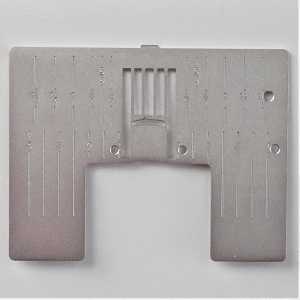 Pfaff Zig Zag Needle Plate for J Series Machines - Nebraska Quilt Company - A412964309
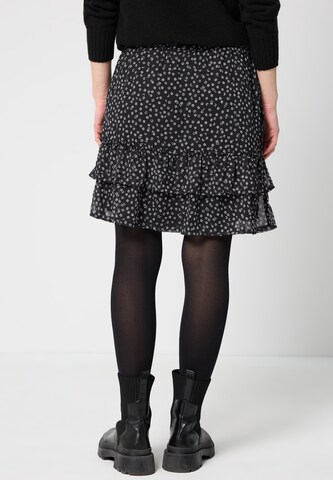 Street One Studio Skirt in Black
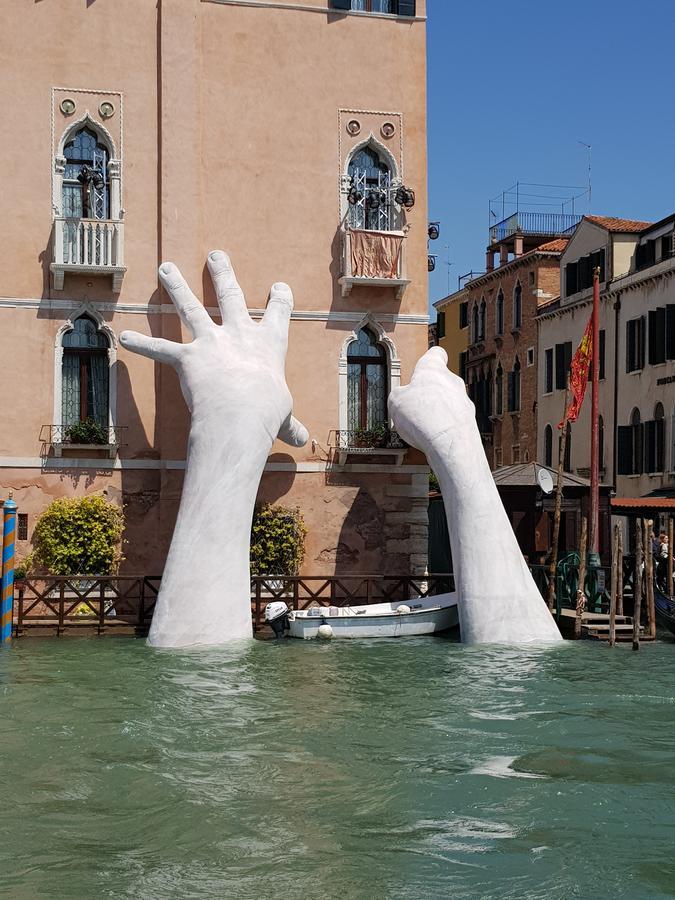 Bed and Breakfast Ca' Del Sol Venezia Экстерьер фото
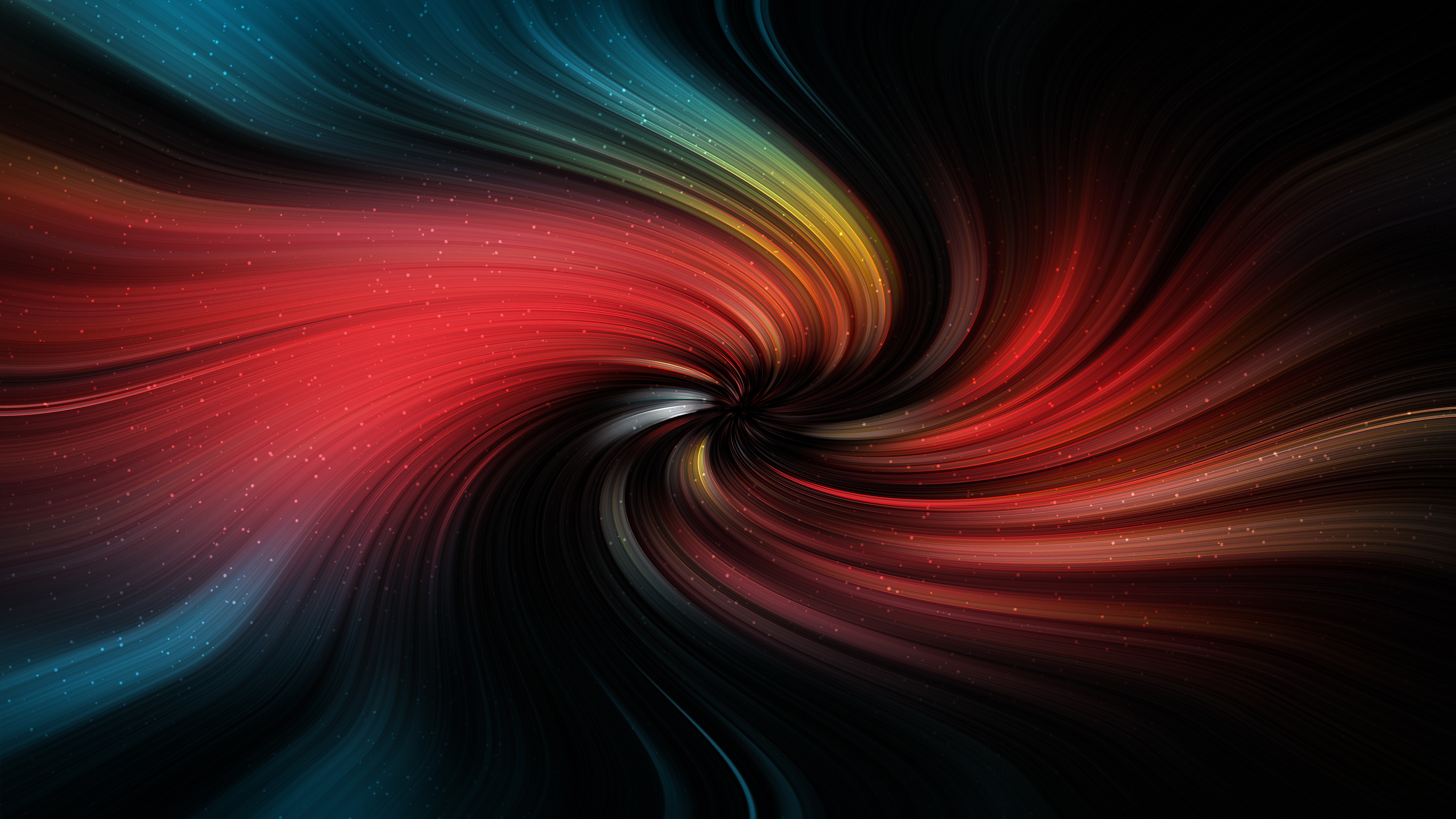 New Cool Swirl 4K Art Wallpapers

================

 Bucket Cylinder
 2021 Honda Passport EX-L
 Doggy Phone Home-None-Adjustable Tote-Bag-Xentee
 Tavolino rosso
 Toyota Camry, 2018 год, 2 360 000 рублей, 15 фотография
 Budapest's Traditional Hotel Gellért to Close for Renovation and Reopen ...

================

_WHAT IS REQUIRED_
Everything between and including the line above containing "Street One Studio Skirt in Black" and the line containing "New Cool Swirl 4K Art Wallpapers" should be reproduced exactly, with pictures excluded.

_ANSWER FOR THE TASK_
 Street One Studio Skirt in Black
 Bed and Breakfast Ca' Del Sol Venezia Экстерьер фото
 New Cool Swirl 4K Art Wallpapers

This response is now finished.